In January my son, Jan, wrote about Trademark Hotel and shopping complex extension to Village Market.
There is a glitter about the shops, and the food court is certainly an eclectic one — with all sorts of offerings, from pizzas to pralines.
The only place I have seen that rivals it in Africa is the huge Sandton shopping mall near Johannesburg.
When I first came to Nairobi in 1967, the biggest shopping centre was Adam’s Arcade along Ngong Road. I have a photograph of the thatched homesteads that stood where the Village Market stands now — a very different kind of village.
The city’s roads were much less cluttered in those days, of course. But last Sunday the new bypass off Waiyaki Way opposite James Gichuru Road meant that my drive from Lavington lasted only 15 minutes.
It was about 11am when I arrived; the sun hadn’t yet burnt off the clouds, so the parking was easy. I walked through the old food court, up the steps by the decorative pool, and into the cavernous new building.
After a leisurely recce of the shops and food outlets I made for the Off The Rocks Bar. I didn’t need the menu. I had my mind set on the main offering — the glass of Moet & Chandon Champagne and 12 complementary oysters. The price was Sh2,300. But it was a special day, wasn’t it?
I also had a good chat with Casper, the waiter. He told me that the busiest times at Off The Rocks are at the weekends when, as he said, “people have the time as well as the money”.
I felt rather like Mr Bean, in that episode where he goes out for dinner on his birthday on his own. He opens the one card he had received — one he had written and posted to himself. He orders steak tartare, realises his mistake, and gets rid of it in a plant pot, an open woman’s handbag, and his own jacket pocket.
Mind you, I was very happy with my oysters. They were the local and small Kilifi oysters — the ones I have enjoyed a few times on the Moorings floating restaurant at Mtwapa. Spiced with a drop of lemon juice they are very tasty.

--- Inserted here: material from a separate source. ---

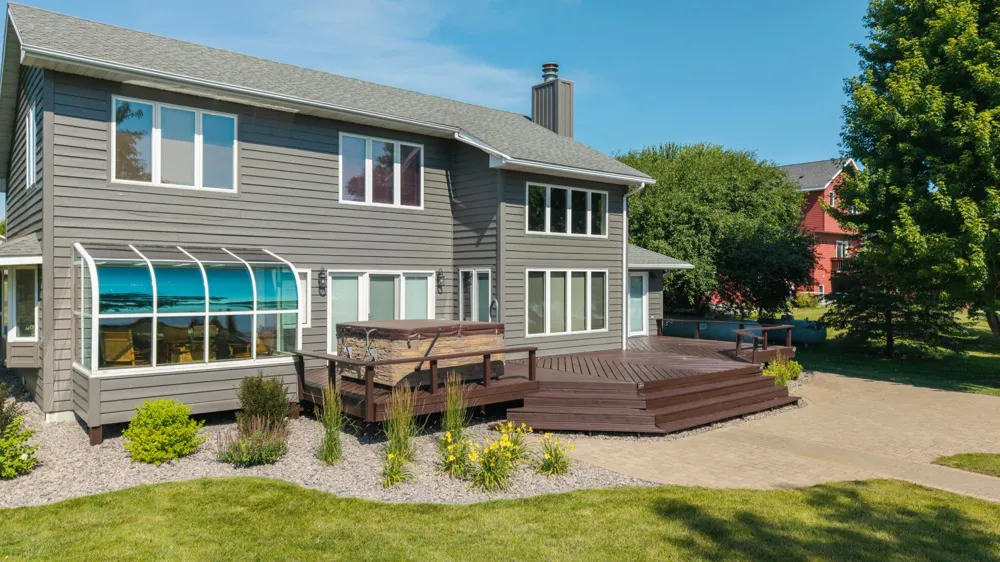 12 Lake Shetek Drive Slayton, MN 56172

But I felt a twinge of guilt when I received WhatsApp greetings from both my sons, wishing me a happy Father’s Day.
However, undaunted, I prolonged my self-treat by going on to the Chocolate Bar — to further indulge myself with what, next to bacon and beans, is my favourite food.

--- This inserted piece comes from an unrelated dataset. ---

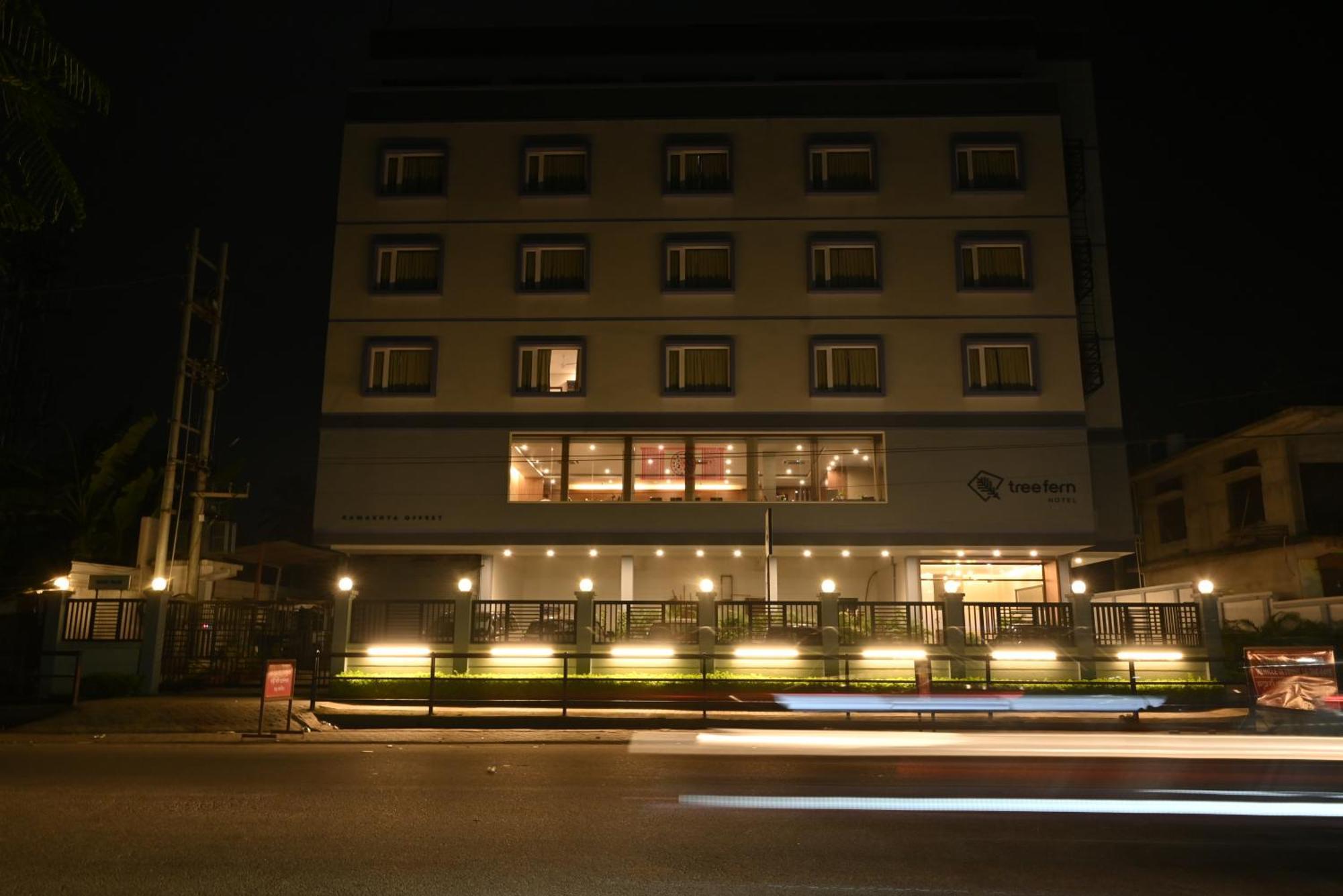 Hotel Tree Fern Дибругарх Экстерьер фото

In my teenage years there was an attempt along Regents Street to revive the chocolate house culture that had been so popular in 18th century London. Unfortunately, it failed.
And the Chocolate Bar in the Village Market is not all as rambunctious as those 18th century chocolate houses in London.
The most famous of them, Whites, was a steamy and smoky den of inequity, where politicians and businessmen plotted their nefarious deals. Do we have such a place in Nairobi?
Our Chocolate Bar is a very quiet and decorous place. It serves, along with many other chocolatey things, the smoothest hot chocolate drink that I have ever savoured. It also sells the imaginatively presented chocolate bars “handcrafted in Kenya” by Absolute Chocolate.
When in the mid-afternoon I got back home, my earlier feeling sorry for myself was shown to be quite misplaced. On the table was a Father’s Day present from my wife — a bottle of my favourite Cabernet Sauvignon.